In the initial stages of floating a public listed company, David Mackenzie is likely to retain a huge majority of shares. As the requirement for cash to fund expansions and large scale operations increases, he might be tempted to sell more of his shares in the open market. This raises the possibility of a hostile takeover, or another party who has purchased a large number of shares from interfering and trying to influence the operations and decision making of the company.
The advantages and disadvantages of merging the three companies into a single entity
The second option before David Mackenzie is to merge the three companies into one single entity. The main advantage of such a merger is removing duplication in works and efforts. At present, each of the three companies has their own marketing, human resource and finance departments, and the administrative functions and expenses duplicate.
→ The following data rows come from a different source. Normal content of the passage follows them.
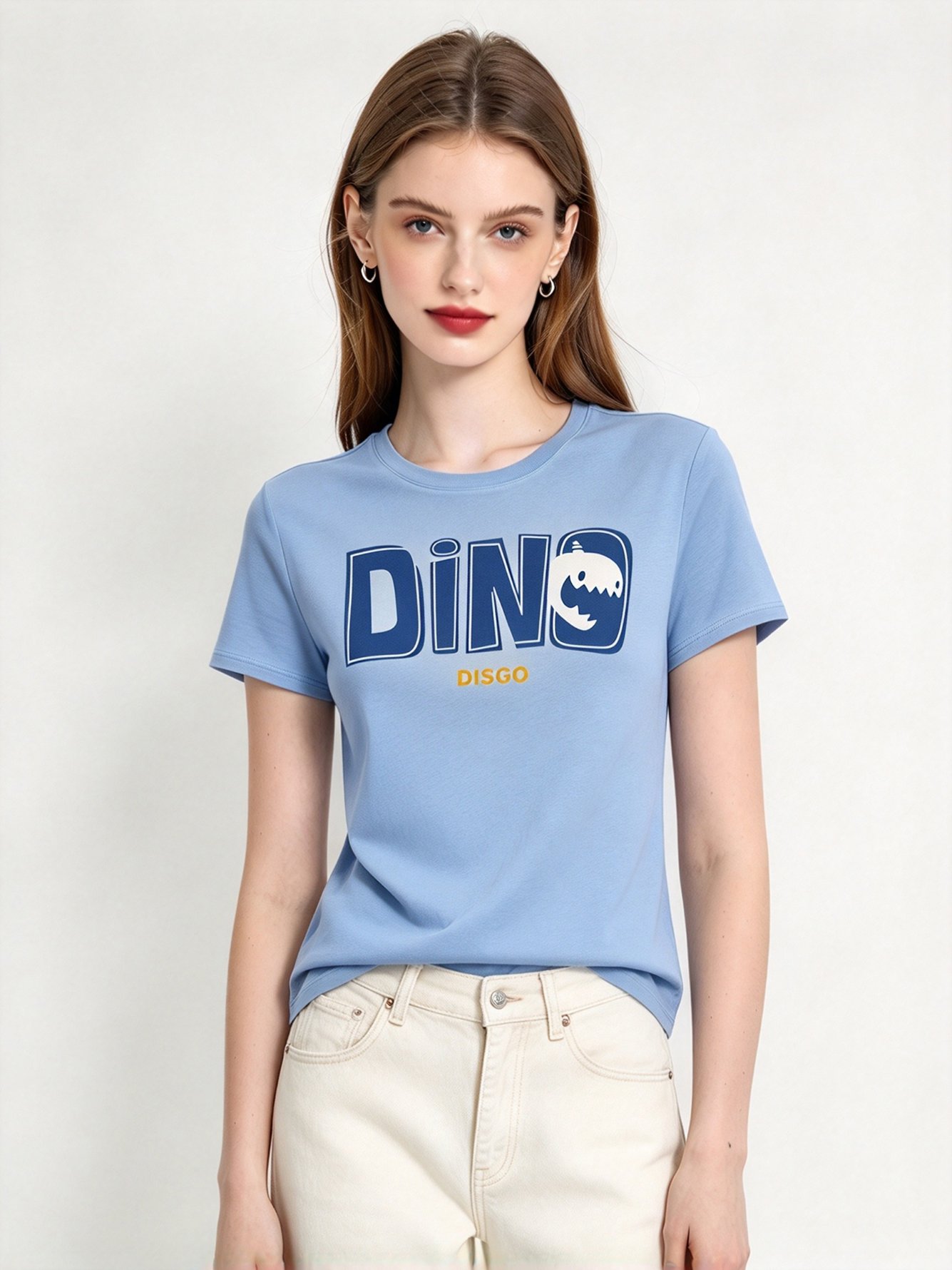 Light Blue Printed Round Neck Regular T-Shirt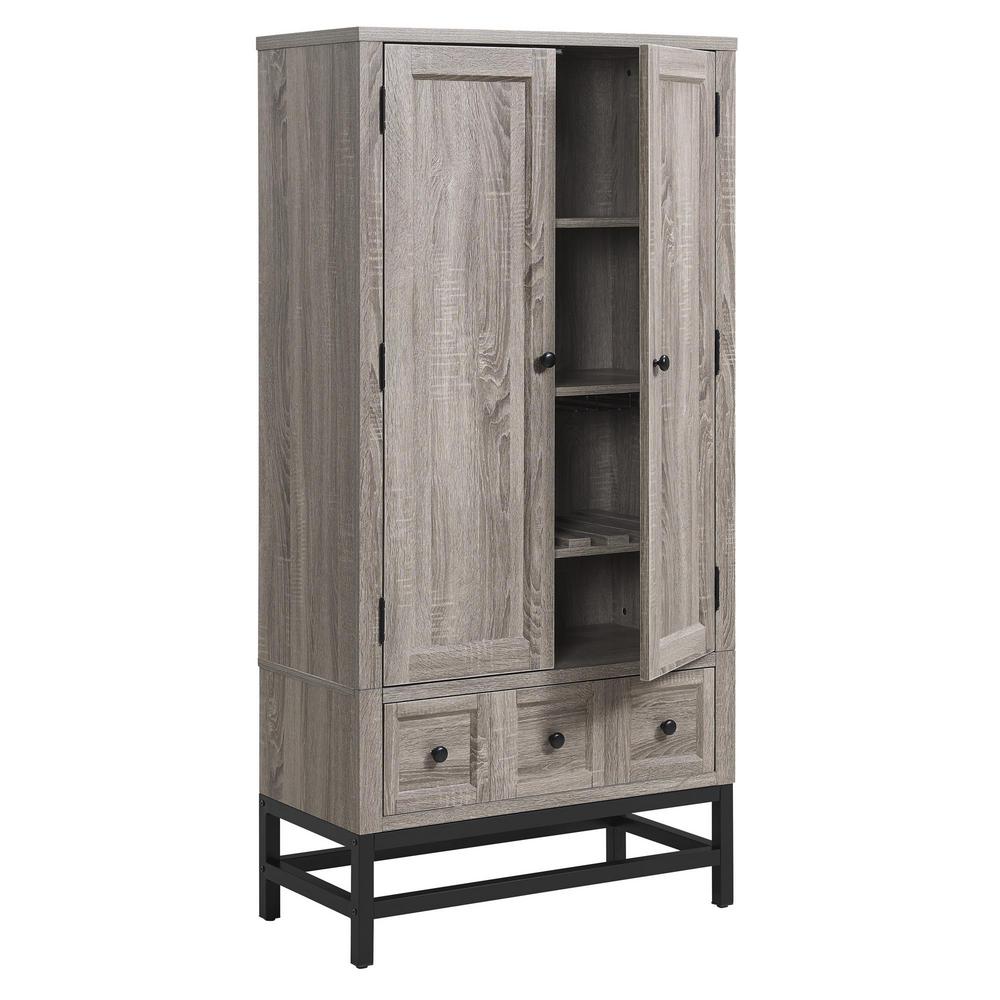 Ameriwood Home Aiken Weathered Oak Beverage Cabinet Hd94216 The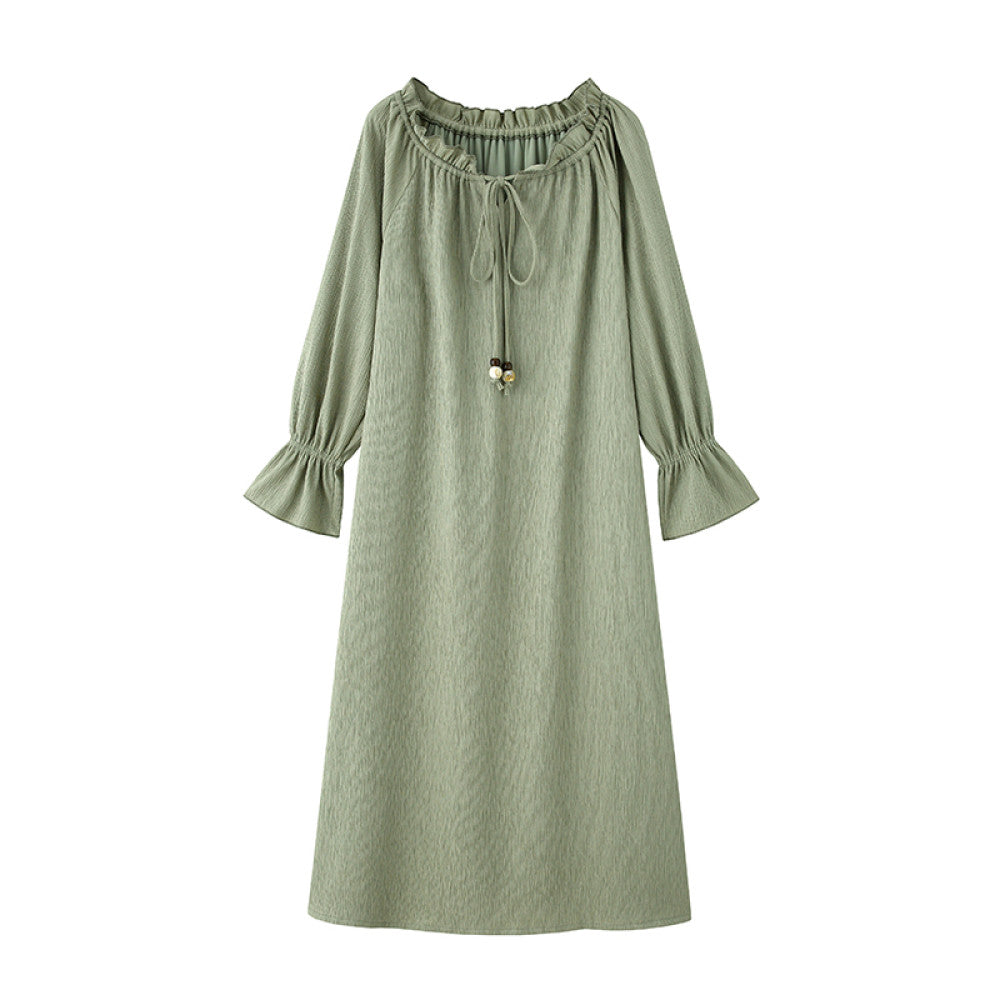 Luqingyi Original Spring Water Tea French Dress Women s Summer Ruffle Round Neck Ink Print Long Dress image 18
A merger could avoid such duplications and not only result in significant savings, but also increase efficiency and better coordination. A single marketing department that takes care of the three units, for instance means that the complaints regarding customers having to contact two or three separate marketing departments for a single project would cease.
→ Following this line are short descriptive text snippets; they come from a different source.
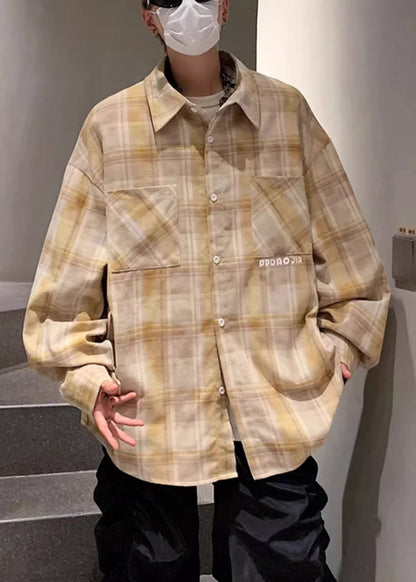 Spring Pan Yellow Cotton Shirt Collar Men Loose Pockets Peter Plaid
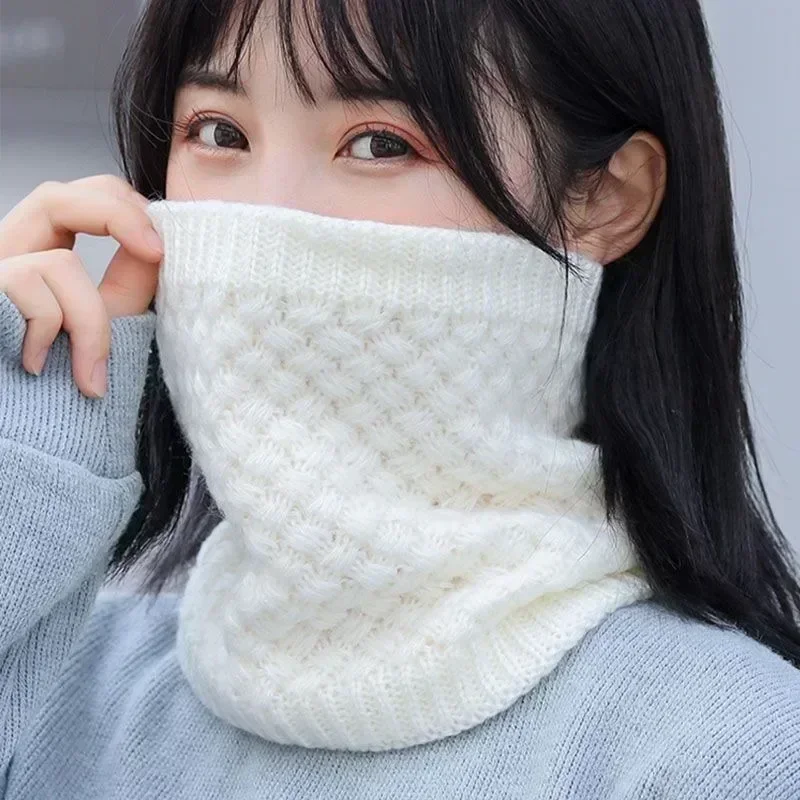 Winter Thick Knitted Neck Scarf Warm Fleece Lined Elastic Circle Scarf Snood for Men Women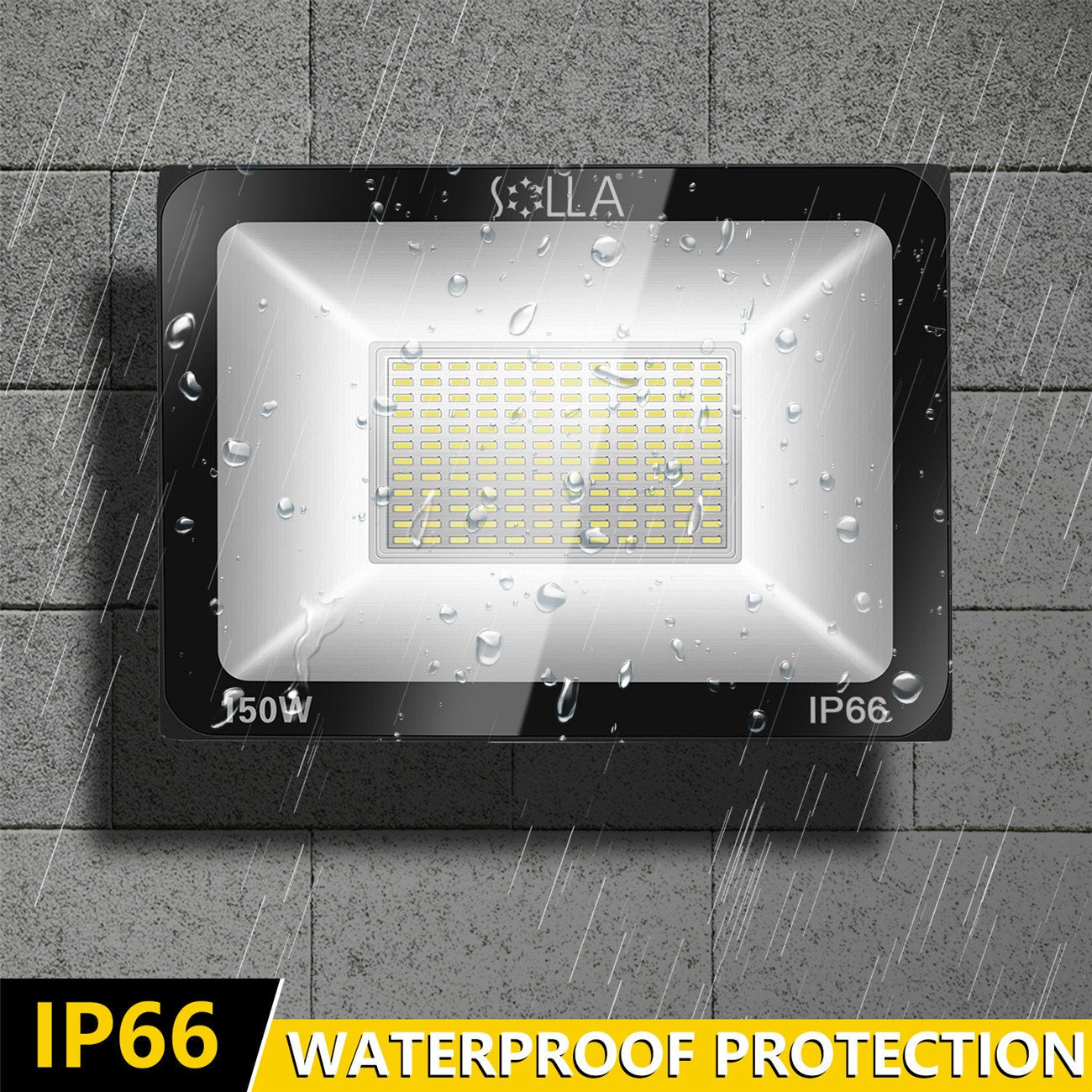 SOLLA 150W LED Flood Light - 2 Pack, IP66 Waterproof, 12000lm, 3000K Warm White, Aluminum, Model HT-002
The marketing department would be able to tap into clients in a more effective manner, without duplicating efforts and providing a wider range of service and commitments. An integrated accounts department would likewise solve the issue of duplicate or missing invoices, and lead to better financial control and analysis of profitability of each project.
The merger would likely result in the retrenchment of some redundant staff, but this also gives an opportunity to cut down on low-performers, and redeploy performers in a better manner.
Another major advantage of mergers is the ability of these three companies to pool in their resources in the form of client database, office space, infrastructure and the like, all of which would facilitate growth.
Mergers however come with their own disadvantages. Although there would be savings on fixed costs, a merged monolith is likely to have a higher per unit operational cost compared to the per unit operating cost of three separate entities.
This will not be a cause for concern when times are good and there are plenty of orders, but when economic times go bad and orders diminish, this will have a negative effect and the higher unit cost could make the organization uncompetitive.
The merger would also make it difficult to hive off a unit if, in future the unit becomes non-profitable and cuts into the profitability of the entire organization. Three different entities ensure that failure, mismanagement or shortcomings of one unit would not have a significant impact on the other two units. Merger will ensure that activities of one unit would have a significant on the other two units.
The administrative act of effecting a merger is relatively easy. The main challenge in the case of the Mackenzie group of companies would relate to integrating the three diverse companies, with three different modes of operations and internal systems.
Another challenge is ensuing integration and co-ordinations of the operations of the three diverse units. While a merger would reduce duplication, unless the operational activities re-orient towards the three different sub-units of the new company working towards a common goal, the redundancies and delays in commissioning are likely to persist.